=== INPUT MATERIAL ===
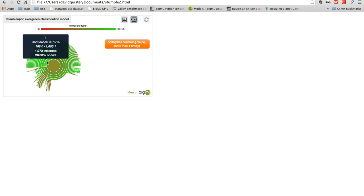I can see very clearly that if the text of this web page contains recipe more than once, then we strongly predict that it's class one, which in this case means evergreen. Something that's going to be of continual interest.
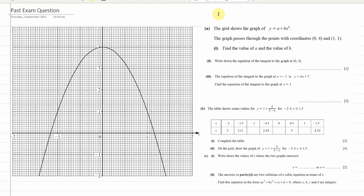Welcome IGCSE students. Today, instead of doing the exercise from the book, I'm giving you a past exam question which requires the same knowledge but is more useful to practice what it will look like in an exam. We've got a graph of y equals a plus bx squared, and we know the graph passes through coordinates (0, 4) and (1, 1), and we need to find the value of a and b.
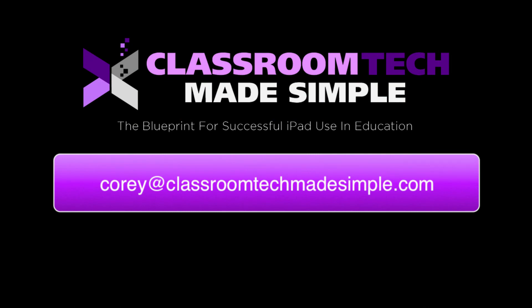Okay, if there are any further questions, always feel free to contact me at Corey at Classroom Tech Made Simple. And I hope that you utilize Google Classroom in your class as a learning management system. It really is an easy to use, simple interface that can change the dynamics of your class. I'll see you next video.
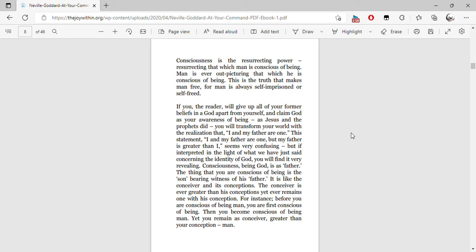If you, the reader, will give up all of your former beliefs in a God apart from yourself and claim God as your awareness of being, as Jesus and the prophets did, you will transform your world with the realization that I and my Father are one.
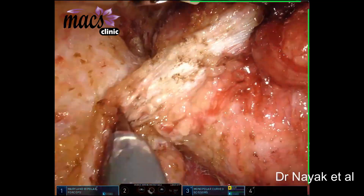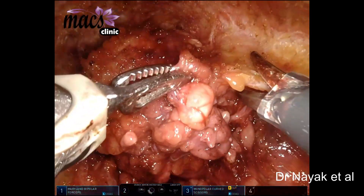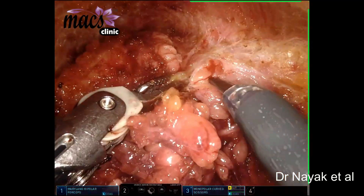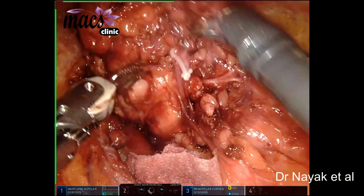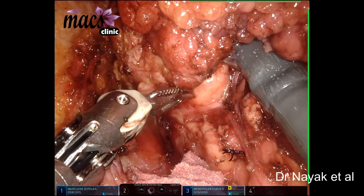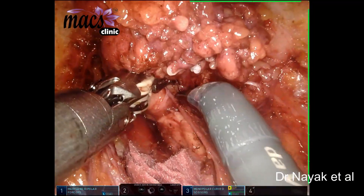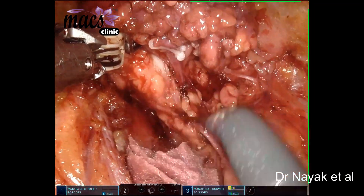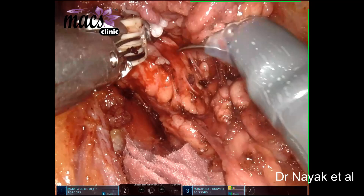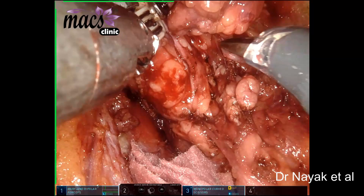It is a dissection of the posterior aspect of the parotid gland. You can see the cervical branch of the facial nerve here, which is being dissected down. This nerve can be cut; however, in this case we are using it as a landmark to guide us to the trunk of the facial nerve, so we prefer to retain it in the PREA technique. You can see the nerve above — that is the marginal mandibular.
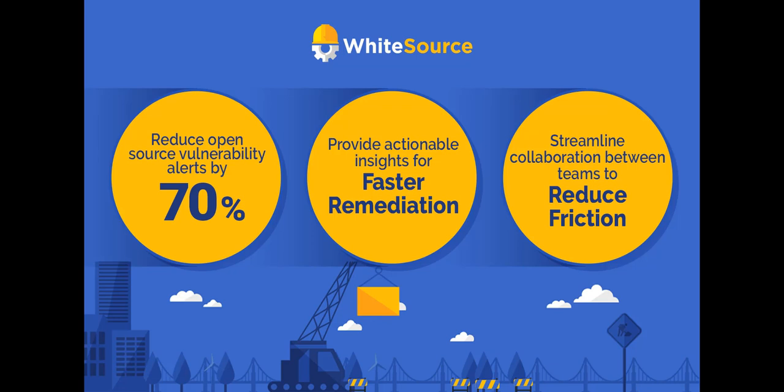By identifying which vulnerable functionalities are in fact effective and impact our code and using the trace analysis to resolve vulnerabilities faster, WhiteSource presents a powerful new technology that reduces security vulnerability alerts by 70% and provides actionable insights for faster remediation.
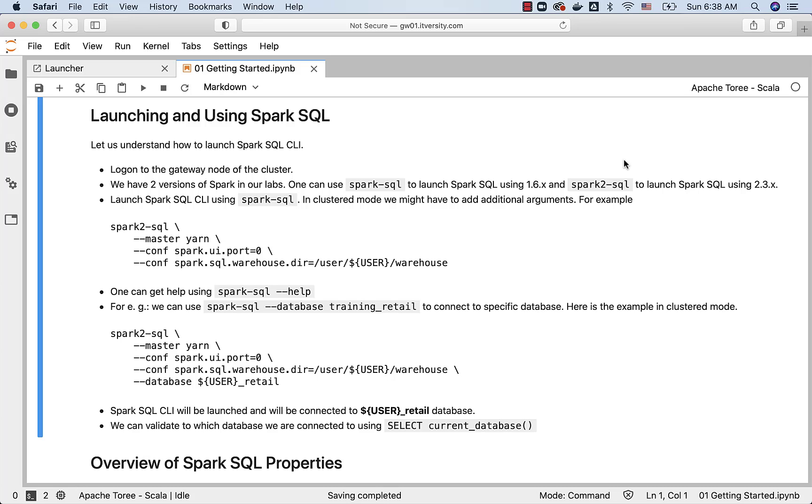As part of this topic, I will walk you through how to launch and use Spark SQL CLI. CLI stands for Command Line Interface, and you should be able to run any valid Spark SQL query or command in it.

=== THE PROBLEM ===
Pictures stay out. Repeat only the lines from the beginning of the data through the line that has "By identifying which".

=== RESPONSE AREA ===
I can see very clearly that if the text of this web page contains recipe more than once, then we strongly predict that it's class one, which in this case means evergreen. Something that's going to be of continual interest.
Welcome IGCSE students. Today, instead of doing the exercise from the book, I'm giving you a past exam question which requires the same knowledge but is more useful to practice what it will look like in an exam. We've got a graph of y equals a plus bx squared, and we know the graph passes through coordinates (0, 4) and (1, 1), and we need to find the value of a and b.
Okay, if there are any further questions, always feel free to contact me at Corey at Classroom Tech Made Simple. And I hope that you utilize Google Classroom in your class as a learning management system. It really is an easy to use, simple interface that can change the dynamics of your class. I'll see you next video.
If you, the reader, will give up all of your former beliefs in a God apart from yourself and claim God as your awareness of being, as Jesus and the prophets did, you will transform your world with the realization that I and my Father are one.
It is a dissection of the posterior aspect of the parotid gland. You can see the cervical branch of the facial nerve here, which is being dissected down. This nerve can be cut; however, in this case we are using it as a landmark to guide us to the trunk of the facial nerve, so we prefer to retain it in the PREA technique. You can see the nerve above — that is the marginal mandibular.
By identifying which vulnerable functionalities are in fact effective and impact our code and using the trace analysis to resolve vulnerabilities faster, WhiteSource presents a powerful new technology that reduces security vulnerability alerts by 70% and provides actionable insights for faster remediation.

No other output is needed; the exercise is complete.